───── Material provided
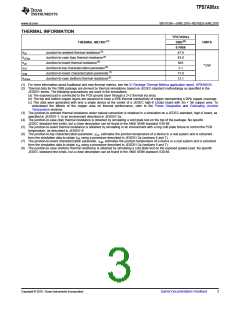 浏览型号TPS7A8001DRBR的Datasheet PDF文件第3页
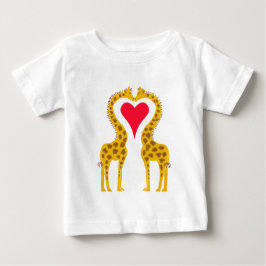 verliebte Giraffen T-shirt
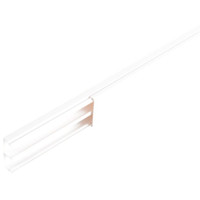 Кабель-канал 40x16мм 2 отделения (Legrand/Daccord) 638195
──────────
--- What you should do ---
Copy the material exactly as written and leave every picture behind.

--- Expected output ---
 浏览型号TPS7A8001DRBR的Datasheet PDF文件第3页
 verliebte Giraffen T-shirt
 Кабель-канал 40x16мм 2 отделения (Legrand/Daccord) 638195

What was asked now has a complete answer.